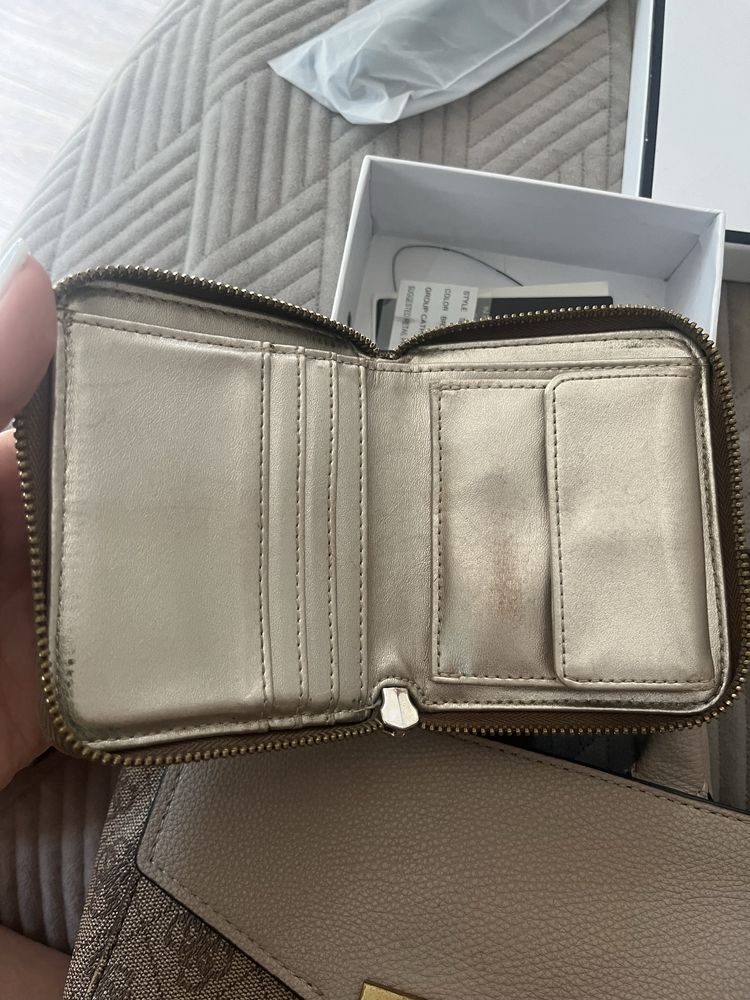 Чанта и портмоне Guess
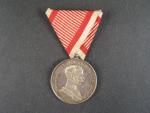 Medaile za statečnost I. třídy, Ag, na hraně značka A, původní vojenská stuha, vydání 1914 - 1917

-*-*-

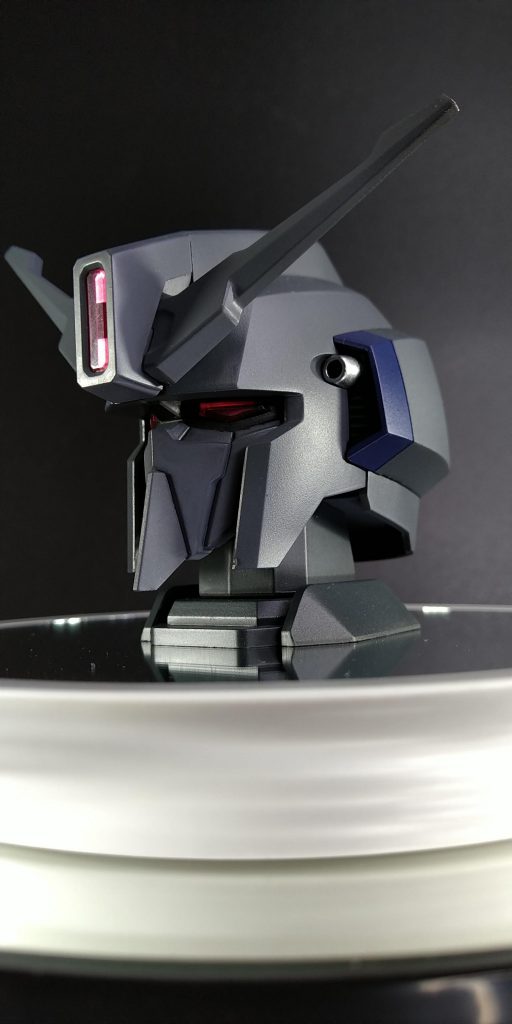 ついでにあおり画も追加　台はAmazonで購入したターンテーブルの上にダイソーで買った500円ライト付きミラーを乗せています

-*-*-

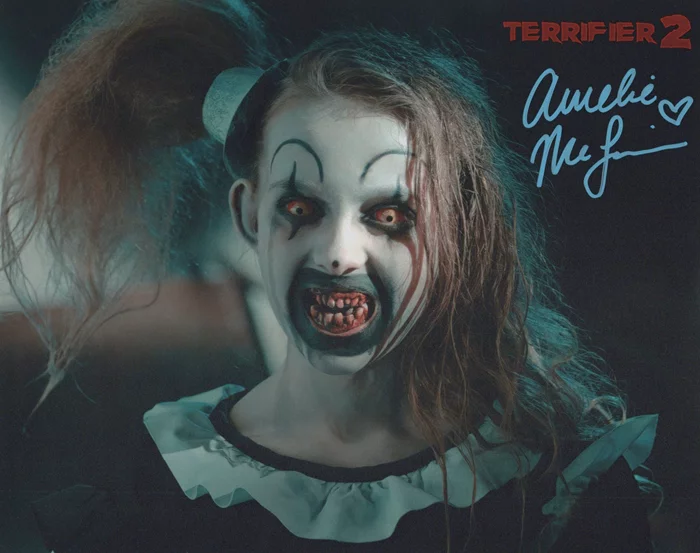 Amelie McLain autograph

-*-*-

(Work to be completed): When you reach the line holding "Чанта и портмоне Guess" in the listing above, begin retyping exactly, and stop once the line holding "Medaile za statečnost" is done; pictures stay out.

(Result for this exercise):
 Чанта и портмоне Guess
 Medaile za statečnost I. třídy, Ag, na hraně značka A, původní vojenská stuha, vydání 1914 - 1917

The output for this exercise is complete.